A representative survey by Forsa was published in January 2015 , which showed that there is a trend among young Germans: 64 percent of 18 to 30 year olds are open to social freezing. It should be noted, however, that there is a great deal of uncertainty among the public about the medical problems of social freezing and, in particular, about the efficiency of this technology in terms of self-determined and successful planning of reproduction (cf. van der Ven, Pohlmann, Hößle, eds., 2017). The extraction of egg cells is not without medical dangers for women. The statistical success of social freezing as an output on healthy born babies is relatively low and decreases sharply the older the people involved are. The reproductive autonomy gain suggested by the technology is possibly much less than one thinks. In any case, it is insignificant when compared with the gain in autonomy through the pill or condom as a contraceptive method.

Individual evidence

  1. Social Freezing - instant freezing of egg cells. on: wissensschau.de
  2. ^ ASRM Patient Information Series: Age and Fertility . Elsevier, Birmingham, Alabama 2012.

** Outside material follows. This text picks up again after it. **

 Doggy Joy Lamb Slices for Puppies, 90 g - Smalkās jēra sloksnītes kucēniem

  3. C. Chen: Pregnancy after human oocyte cryopreservation. In: The Lancet . 1, Apr 1986, pp. 884-886.
  4. F. Nawroth, R. Dittrich, M. Kupka, B. Lawrenz, M. Montag, M. Wolff: Cryopreservation of unfertilized egg cells for non-medical indications (“social freezing”). In: The gynecologist. 53, No. 6, 2012, pp. 528-533.
  5. ^ F. Nawroth, M. Montag, E. Isachenko, V. Isachenko, G. Rahimi, H. van der Ven, J. Liebermann: The vitrification. In: Gynecologist. 46, No. 3, 2005, pp. 214-218.

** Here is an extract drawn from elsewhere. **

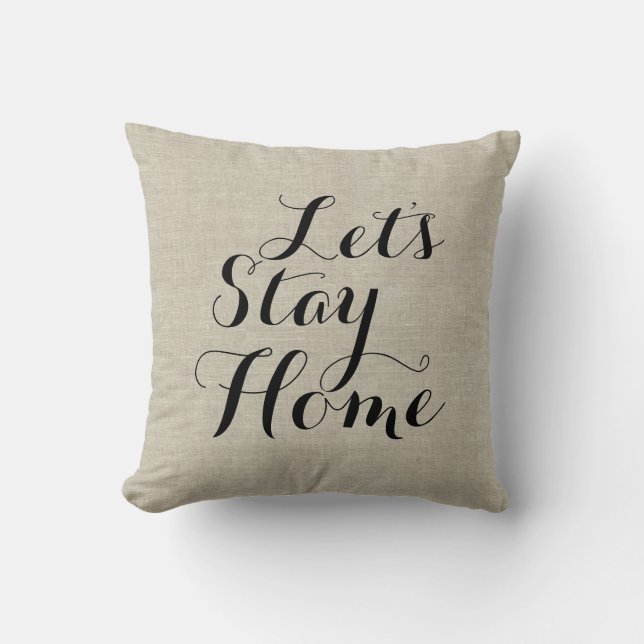 Uttryck Rustic Linen Titta Dekorativ kudde (Framsida)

  6. J. Saragusty, A. Arav: Current progress in oocyte and embryo cryopreservation by slow freezing and vitrification. In: Reproduction. 141, No. 1, 2011, pp. 1-19.

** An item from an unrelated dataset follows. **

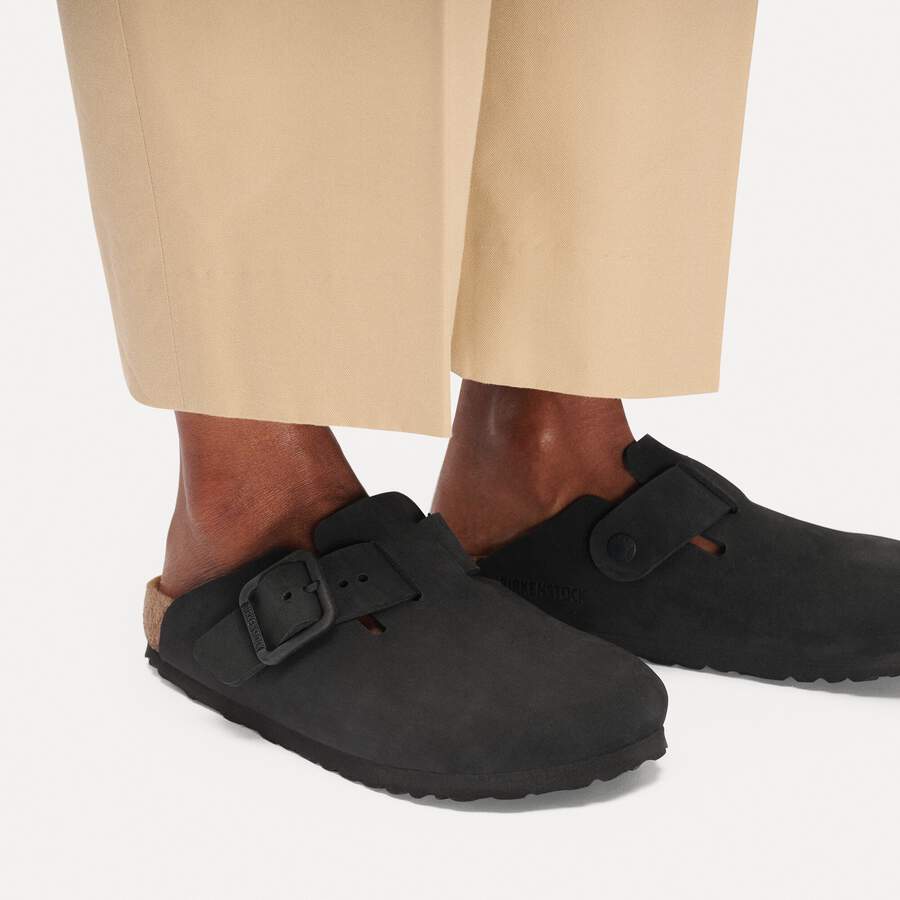 Boston Wire Buckle Nubuck Leather - Black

  7. American Society for Reproductive Medicine: Mature oocyte cryopreservation: a guideline. In: Fertility and Sterility. 99 (1), Jan 2013, pp. 37-43.
  8. ^ German IVF register. In: J Reproduktionsmed Endokrinol. 9 (6), 2012, pp. 453-484.
  9. KN Goldman, NL Noyes, JM Knopman, C. McCaffrey, JA Grifo: Oocyte efficiency: does live birth rate differ when analyzing cryopreserved and fresh oocytes on a per-oocyte basis? In: Fertility and Sterility. 100, No. 3, Sep 2013, pp. 712-717.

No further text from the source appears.